Wouldn't you say that an important part of any election story would be the numbers involved, especially in the case of landslides? Perhaps someone should give a heads up on this to Los Angeles Times writer Noam N. Levey of the Times' Tribune Washington bureau. Although he does report that Missouri voters, whom he labels as "Republican voters," voted to approve Proposition C yesterday which challenged ObamaCare's requirement that Americans must purchase health insurance, the all important margin of the lopsided victory was noticeable by its absence. Reading Levey's article you wouldn't know if Proposition C was approved by 51 or 52 percent of Missouri voters or was the actual figure so much higher that Levey found it painful to relay that information?
Reporting from Washington — Striking a largely symbolic blow at President Obama's healthcare overhaul, Missouri voters approved a ballot measure Tuesday challenging the new law's requirement that Americans buy health insurance starting in 2014.
The proposition, which sought to deny the federal government the authority to penalize people for not getting insurance, is expected to have little practical effect on implementation of the healthcare law.
But the Missouri measure represented the first electoral test for the landmark legislation that Obama signed in March. And it underscored continued hostility to the law from Republican voters.
So what was the actual size of the number of "Republican voters" who approved of Proposition C in Missouri? Since Levey won't provide that detail, let us turn to the Wall Street Journal for that information:
With all precincts reporting, 71% of voters supported Proposition C, establishing a state law that says Missouri cannot compel people to pay a penalty or fine if they fail to carry health coverage. Twenty-nine percent voted against the proposition.

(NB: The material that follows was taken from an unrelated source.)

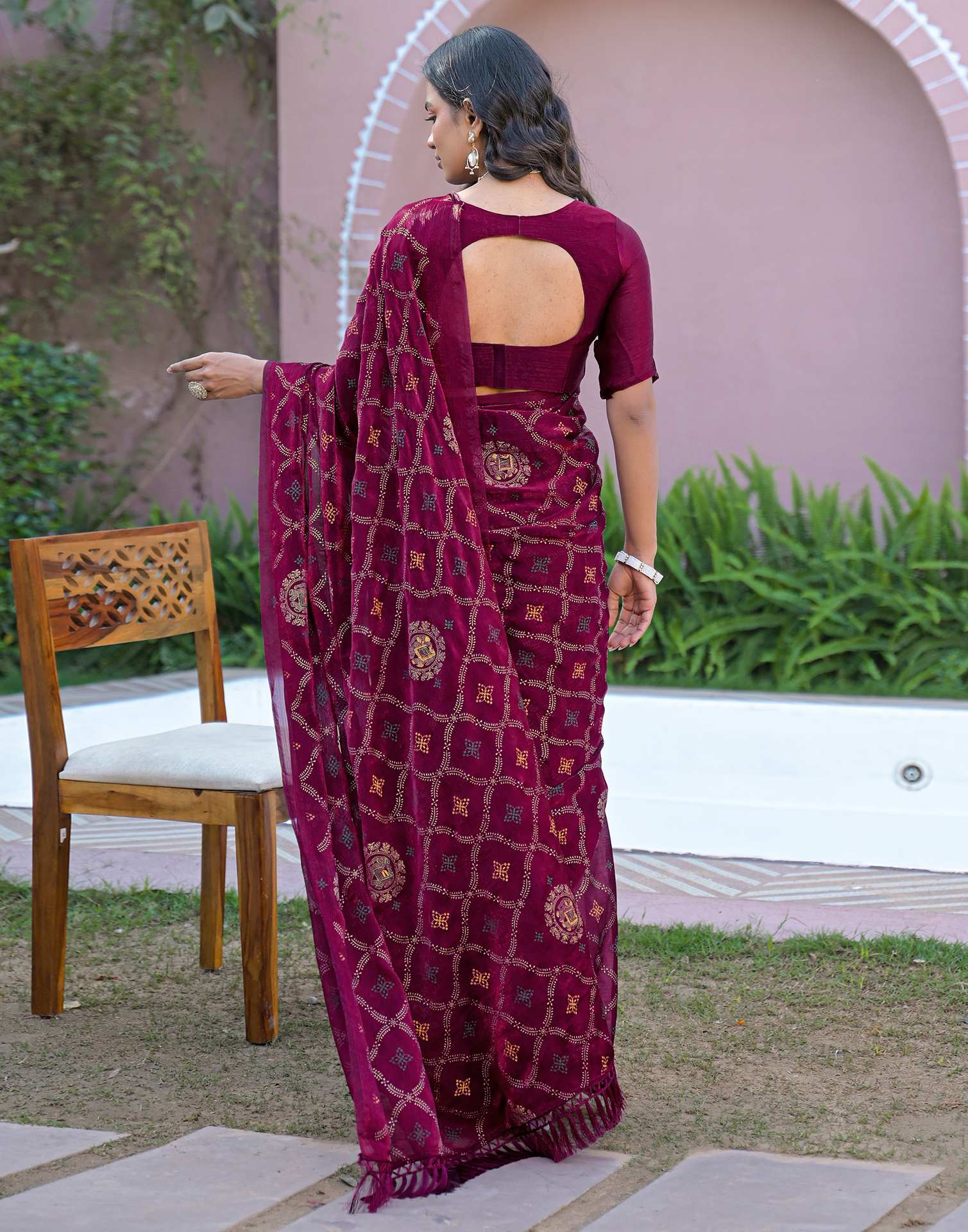Dark Purple Chiffon Foil Printed Saree - Image 6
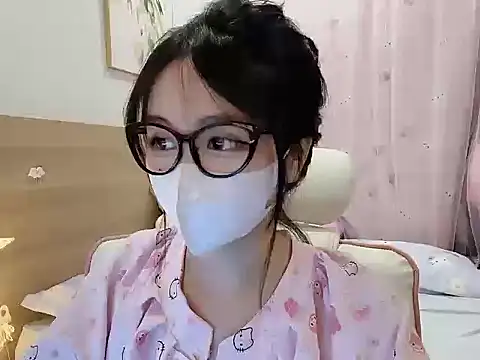 Yuyu-baobei online show from 12-18-25, 09:21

So an overwhelming 71% of Missouri voters supported proposition C and they were "Republican voters" according to Levey. No wonder he was embarrassed to reveal the actual number. 71% would mean a lot of voters other than "Republican voters" cast their ballots in favor of proposition C. Despite this obvious fact, Levey continues with his Republican obsession:
Opposition to the law has remained particularly intense among Republicans, with nearly 8 in 10 in a recent national USA Today/Gallup survey saying it was a "bad thing."
So it's all the fault of "Republican voters" who must make up 71% of the Missouri electorate according to Levey's premise. Of course, the absurdity of that premise is probably the reason why he declined to report on the actual details of the Proposition C landslide yesterday.